Required action » Transcribe exactly, and only, the lines running from the one with "For ASUS GL503VD" to the end of the entries below, both included, without any pictures.

(Records from a data collection)
※ ※ ※

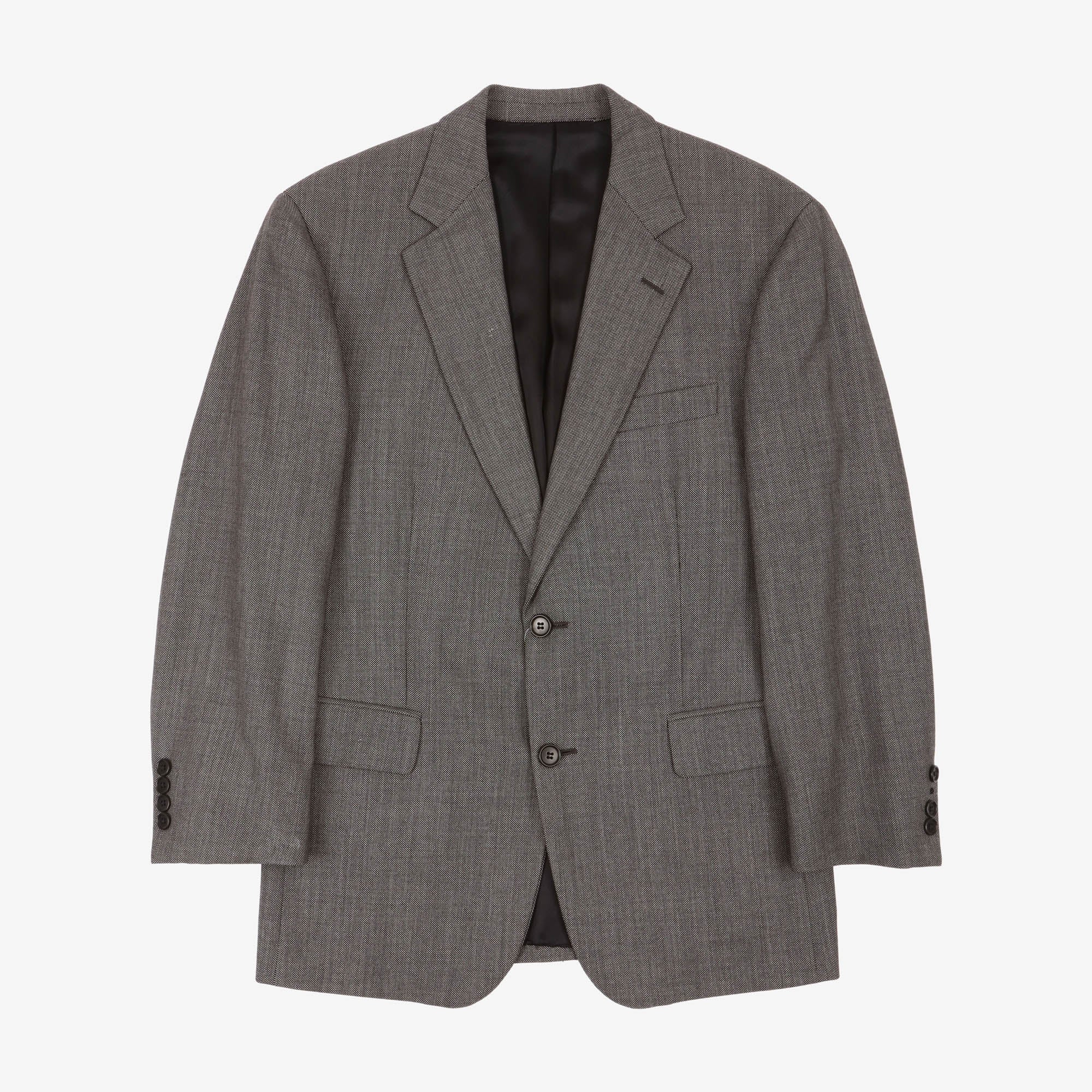 Wool Suit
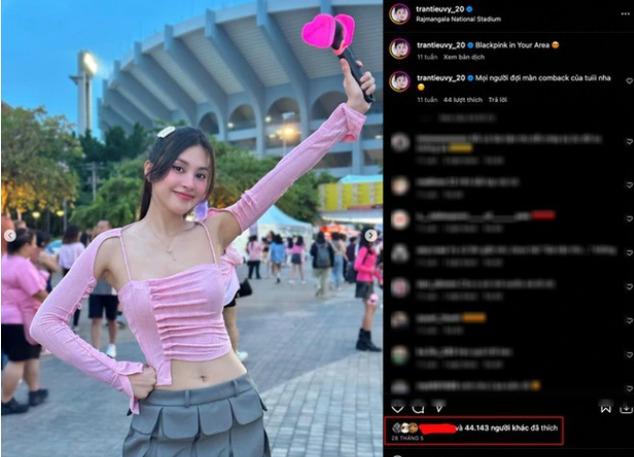Ám chỉ độc thân, Hoa hậu Tiểu Vy khoe bikini siêu nhỏ giữa tin yêu diễn viên Thái Lan-6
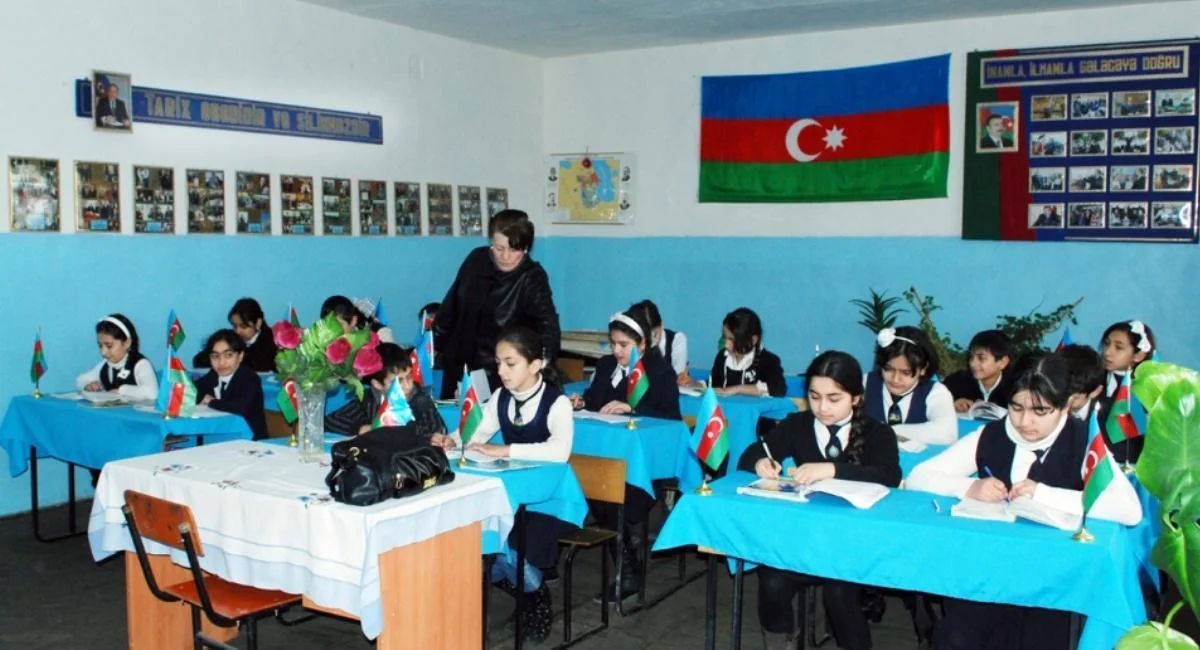 Yeni tədris ili üçün ilk dərslərin mövzuları açıqlanıb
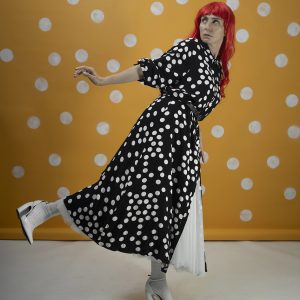 Polka Dot Doll /25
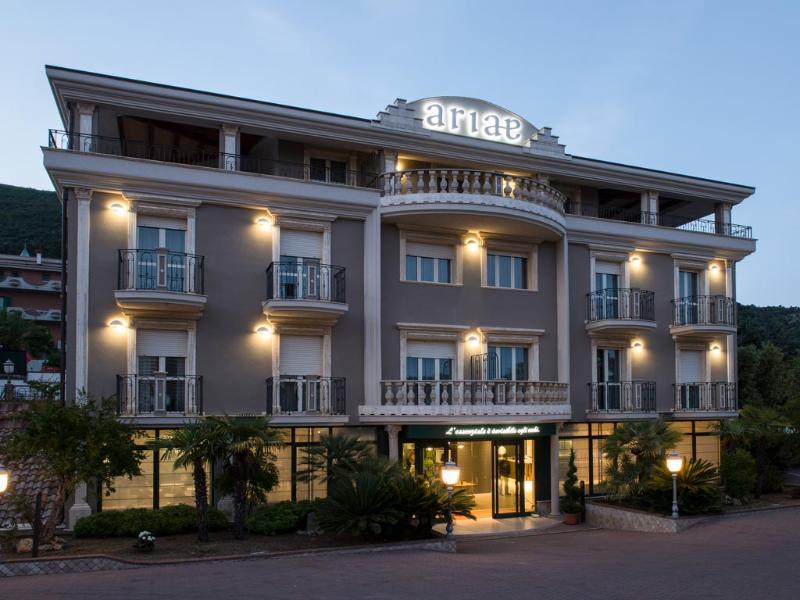 ARIAE Hotel - Genel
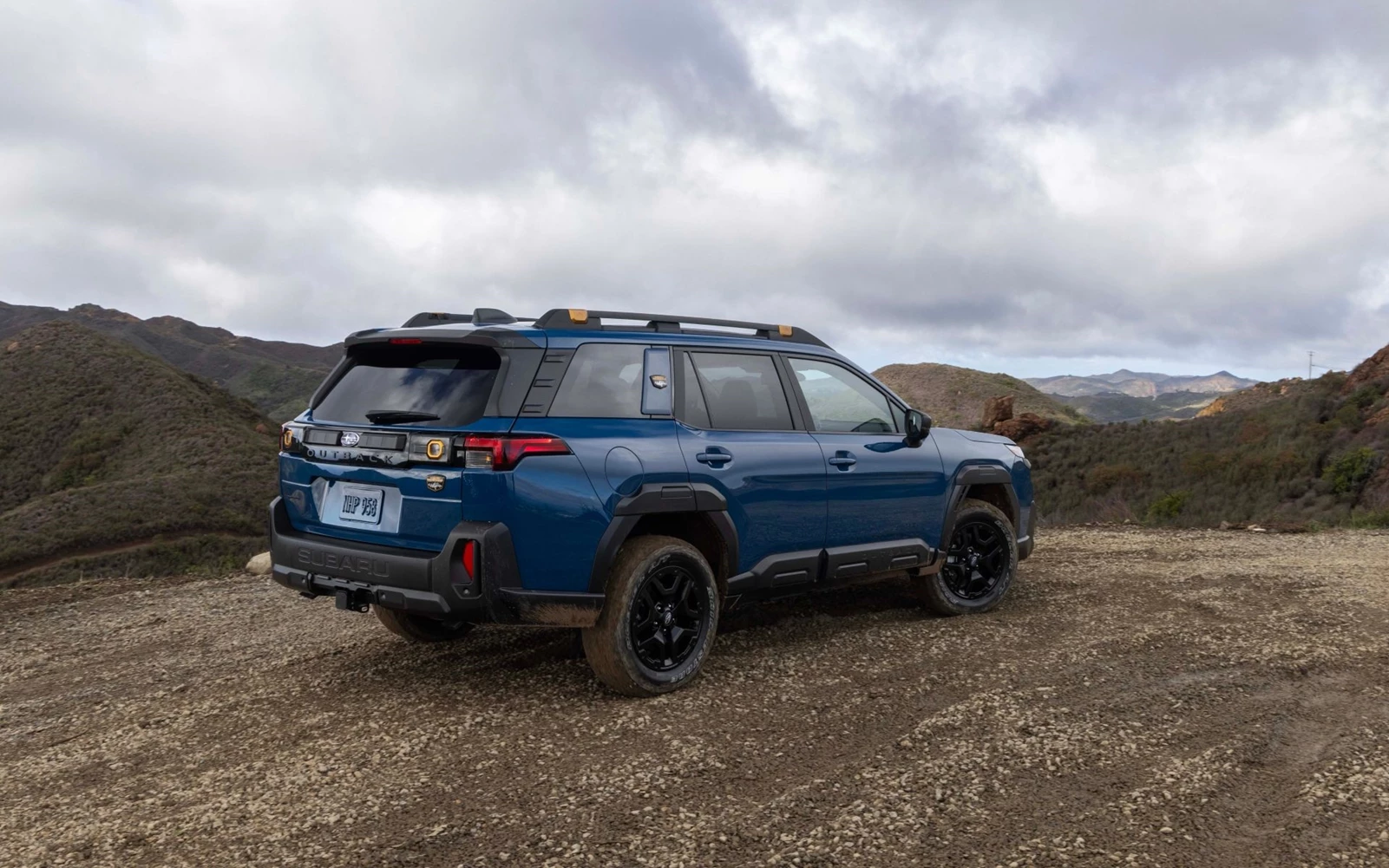 Subaru Outback Wilderness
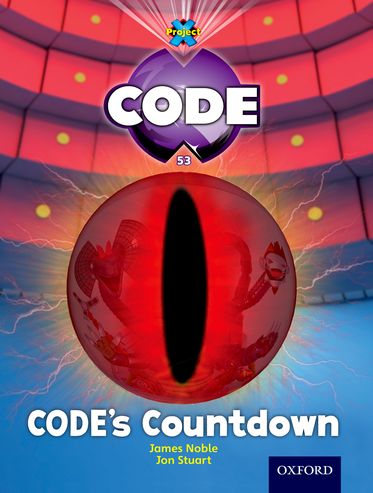 Picture of Project X Code Gold Band Level 9 Control Codes Countdown
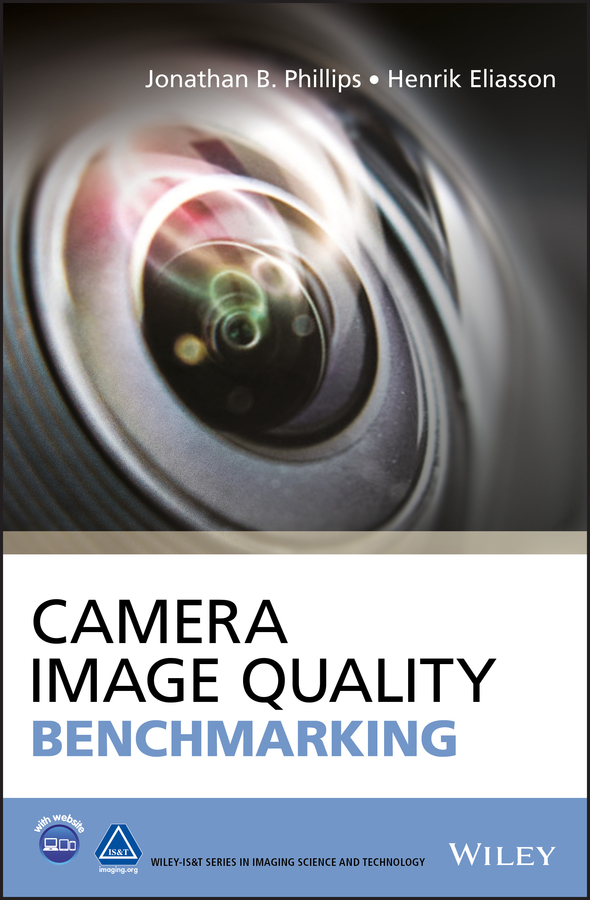 Обложка книги «Camera Image Quality Benchmarking»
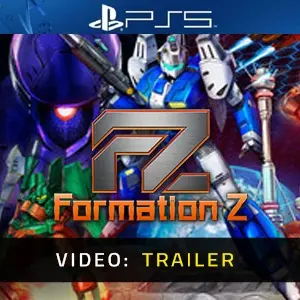FZ Formation Z PS5 - Trailer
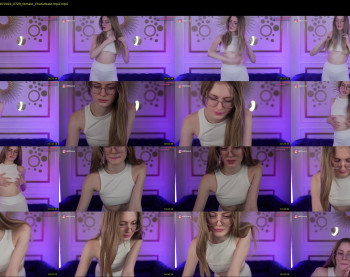bright_diamonds_054 — 6 minute Chaturbate couple cam show recording, 720p, Jul 25, 2024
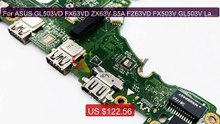 For ASUS GL503VD FX63VD ZX63V S5A FZ63VD FX503V GL503V Laptop ... -- Hot Deal 2026 | Limited Offer!
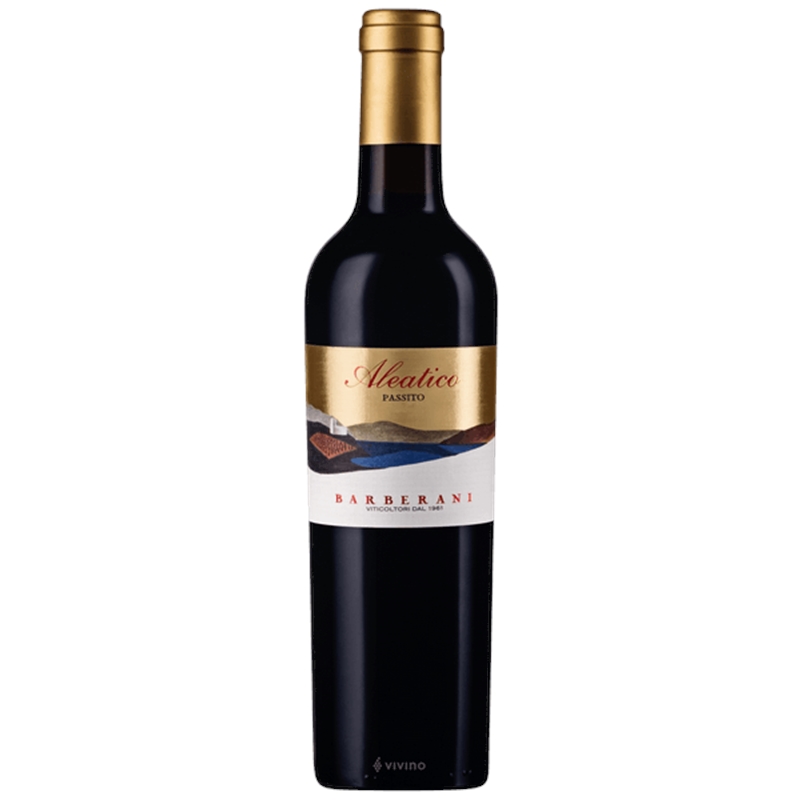 [00278] Aleatico Passito Barberani 2007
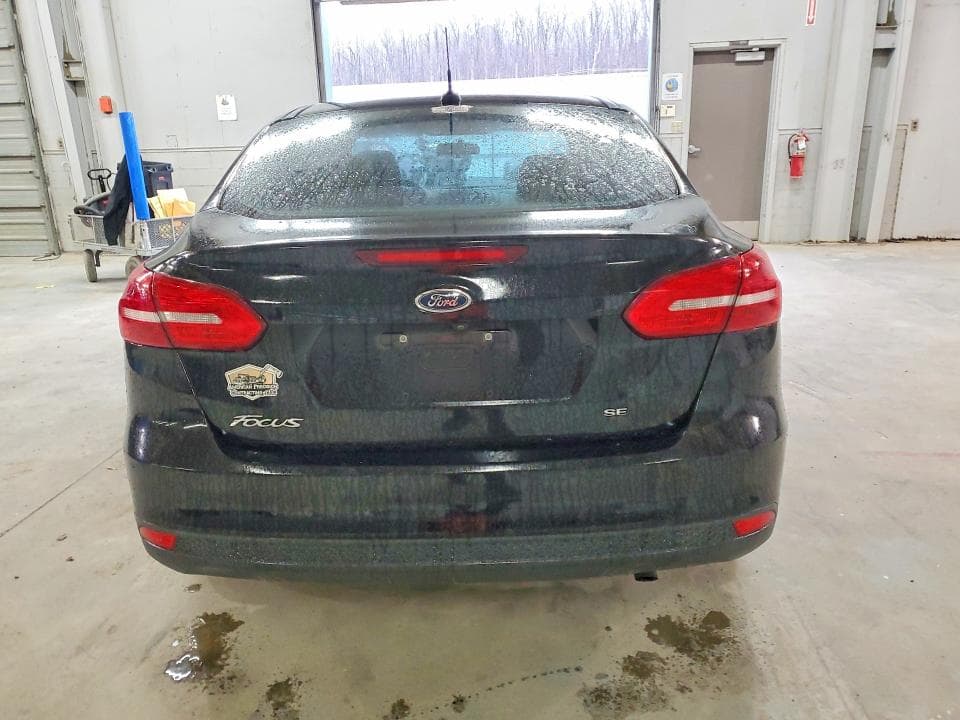 2017 FORD FOCUS SE 6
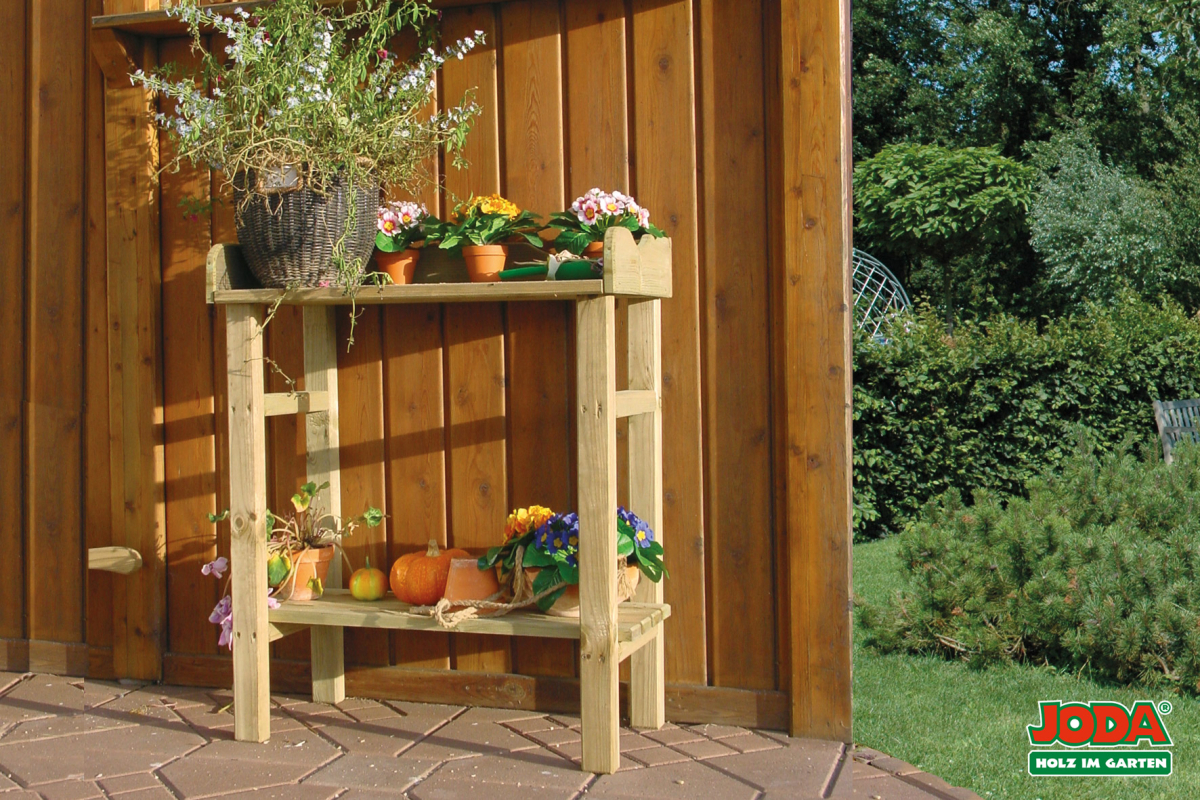 Garten Pflanztisch Wetterfest – Caseconrad.com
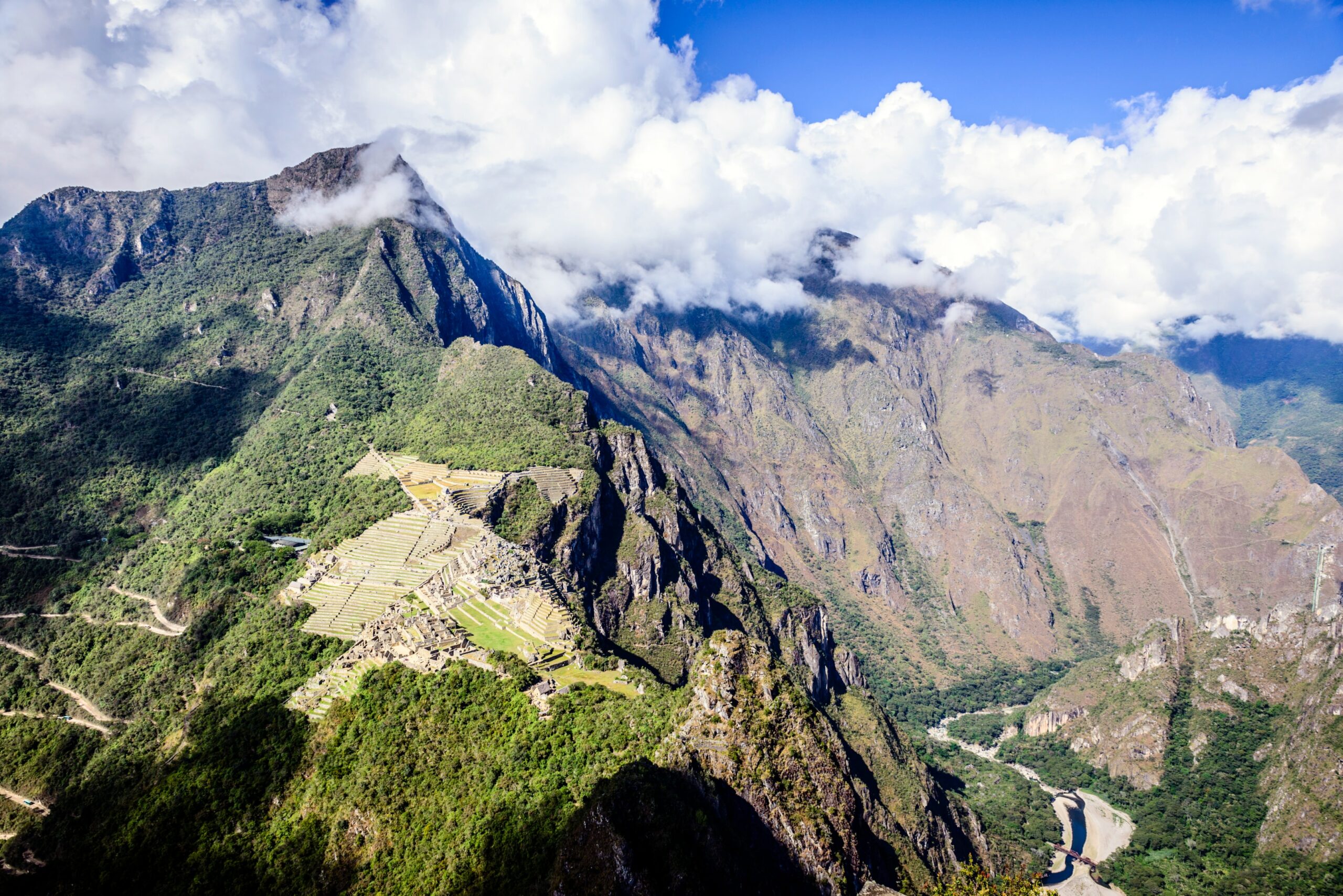 machu picchu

※ ※ ※

Exercise answer »
 For ASUS GL503VD FX63VD ZX63V S5A FZ63VD FX503V GL503V Laptop ... -- Hot Deal 2026 | Limited Offer!
 [00278] Aleatico Passito Barberani 2007
 2017 FORD FOCUS SE 6
 Garten Pflanztisch Wetterfest – Caseconrad.com
 machu picchu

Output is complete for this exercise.